Giunto puntualmente alle 19 nella Cattedrale di Roma (gremita dai rappresentanti delle parrocchie, dai sacerdoti e dai vescovi ausiliari), il Pontefice è stato accolto dall’arcivescovo vicario per la diocesi, Angelo De Donatis. Quindi, dopo un momento di preghiera, ha ascoltato la sintesi dei lavori pervenuti dalle parrocchie, letta da don Paolo Asolan. Il quale, tra le malattie più segnalate, ha citato «una dimensione sociale tutta da ricostruire (molto è accentrato sull’individuo), un ripiegamento sulla propria comunità (si fa fatica a vedere un orizzonte più ampio, come quello della diocesi), le troppe iniziative pastorali, la mancanza di generatività spirituale, la frenesia e la schiavitù del tempo riempito di cose da fare».
C’è inoltre «un certo analfabetismo affettivo che dipende dalla mancata cura delle relazioni». La pastorale «ridotta a cose da fare genera aridità, i parroci spesso sono ridotti a manager. E infine don Asolan ha citato «lo scandalo dei pastori che provoca disorientamento tra i fedeli».
Il Papa ha quindi risposto a braccio ad alcune domande. «Nessuno può guarire da solo – ha ricordato –. Solo il Signore ci risana in radice». Quindi ha messo in guardia dalla «ansietà delle novità», in sostanza da un certo gnosticismo, che «fa crescere l’individualismo e porta a un Dio senza Cristo, a un Cristo, senza Chiesa e una Chiesa senza popolo». Invece, ha ricordato «è la spiritualità comunitaria che ci guarisce». Così la parrocchia non può essere una somma di iniziative, ma richiede l’armonia dello Spirito Santo. Una parola per i giovani, «che – ha detto – chiedono di essere salvati dalla “droga” dell’alienazione culturale». Essi sono oggi «virtualizzati». «Dobbiamo farli atterrare nel mondo reale e in questo molto può aiutare educarli alle opere di misericordia».

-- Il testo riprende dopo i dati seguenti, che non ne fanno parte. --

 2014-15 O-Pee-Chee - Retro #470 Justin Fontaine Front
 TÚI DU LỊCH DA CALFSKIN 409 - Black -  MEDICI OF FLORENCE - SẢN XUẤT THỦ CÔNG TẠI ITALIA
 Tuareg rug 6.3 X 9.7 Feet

In sostanza la parola d’ordine usata da Francesco è Chiesa in uscita. Cioè «far sì che questo prossimo anno» preluda a «nuove condizioni di vita e di azione pastorale, più rispondenti alla missione e ai bisogni dei romani di questo nostro tempo; più creative e più liberanti anche per i presbiteri e per quanti più direttamente collaborano alla missione e all’edificazione della comunità cristiana». «Non abbiate paura di portare frutto – ha concluso il Papa –, di farvi “mangiare” dalla realtà che incontrerete, anche se questo “lasciarsi mangiare” assomiglia molto a uno sparire, un morire». Magari alcune iniziative cesseranno. Ma altre ne nasceranno di nuove.